** What is expected **
Retype every line from the one containing "Feel free to" through the last line of the records below, both included; leave out the pictures.

[Saved entries]
◇ ◇ ◇

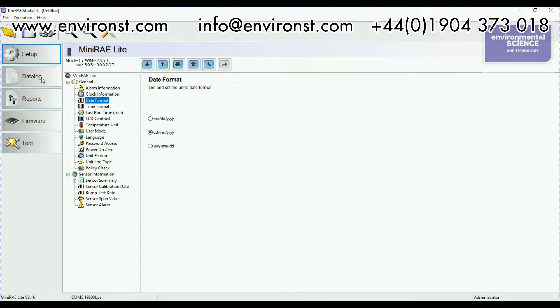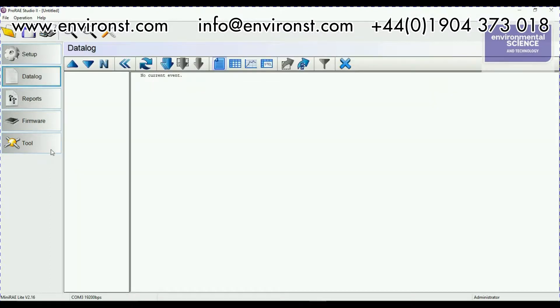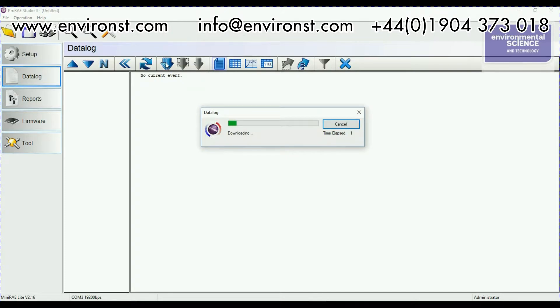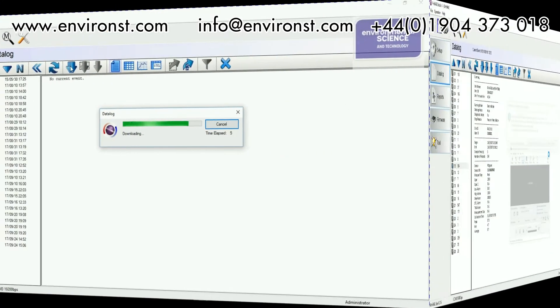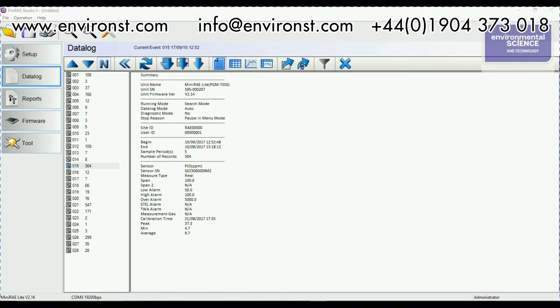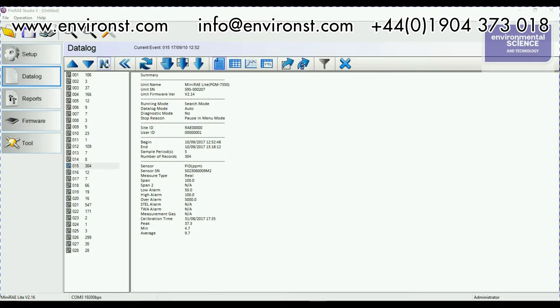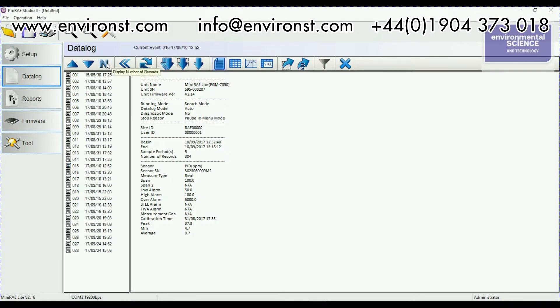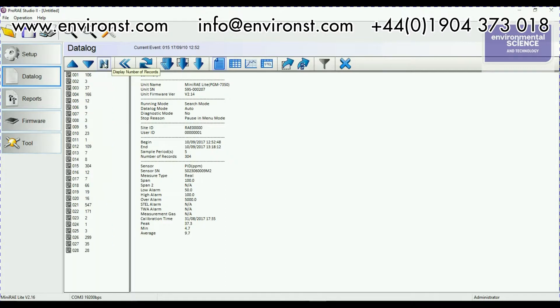If I go to data log, if I hit this arrow here that will download all the data log from the instrument. So that took a little while to download. Now what I suggest you do here is rather than have it in this display if you want to have a look at what's recorded the most data you just hit this end button and you get your data points come through. So this one here 304 data points.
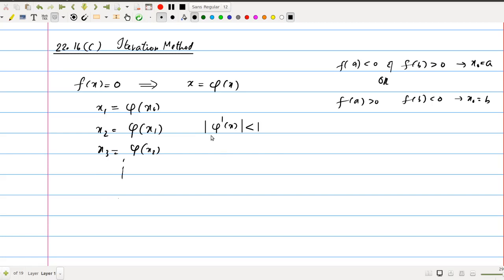The key condition to remember is that |φ'(x)| must be less than 1 to carry out the iteration method. The smaller |φ'(x)| is, the faster the sequence x1, x2, x3 converges to the solution of f(x) = 0.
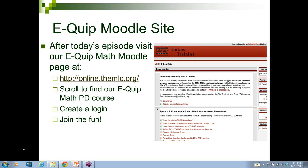Feel free to hang around and throw in any chat questions. Thank you so much for coming — we appreciate your attendance and look forward to hearing your evaluation as we think about going forward with these Equip webinars. Thank you!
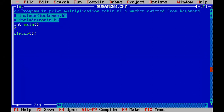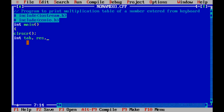This program is related to printing the multiplication table of a given number from the keyboard. First of all we have included the header files. We will make this program by using the while loop, do-while loop, and the for loop — all three loops for the same program. After entering the header files, we start the program by declaring three variables: 'tab' is the variable for which we will make the multiplication table, 'res' is the variable for the result, and 'C' is the variable for the iteration of the loop.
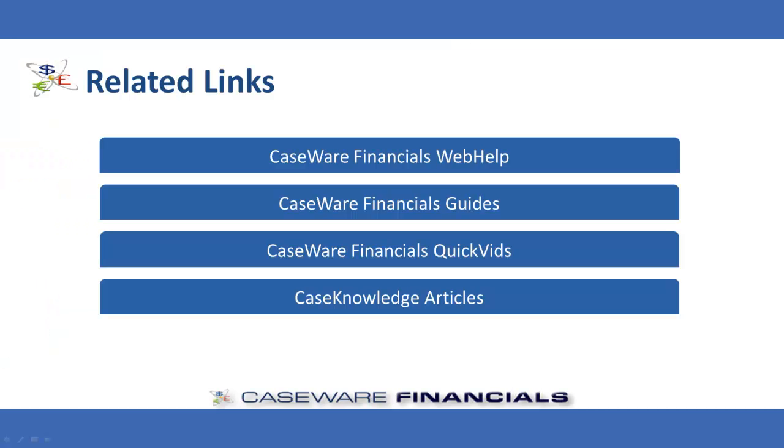This concludes the QuickVid on Populating Data in Financial Statements. For additional resources, including documentation and online help, see the related links. Thank you for watching CaseWare QuickVids.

◇ ◇ ◇

** Final answer **
Feel free to hang around and throw in any chat questions. Thank you so much for coming — we appreciate your attendance and look forward to hearing your evaluation as we think about going forward with these Equip webinars. Thank you!
This program is related to printing the multiplication table of a given number from the keyboard. First of all we have included the header files. We will make this program by using the while loop, do-while loop, and the for loop — all three loops for the same program. After entering the header files, we start the program by declaring three variables: 'tab' is the variable for which we will make the multiplication table, 'res' is the variable for the result, and 'C' is the variable for the iteration of the loop.
This concludes the QuickVid on Populating Data in Financial Statements. For additional resources, including documentation and online help, see the related links. Thank you for watching CaseWare QuickVids.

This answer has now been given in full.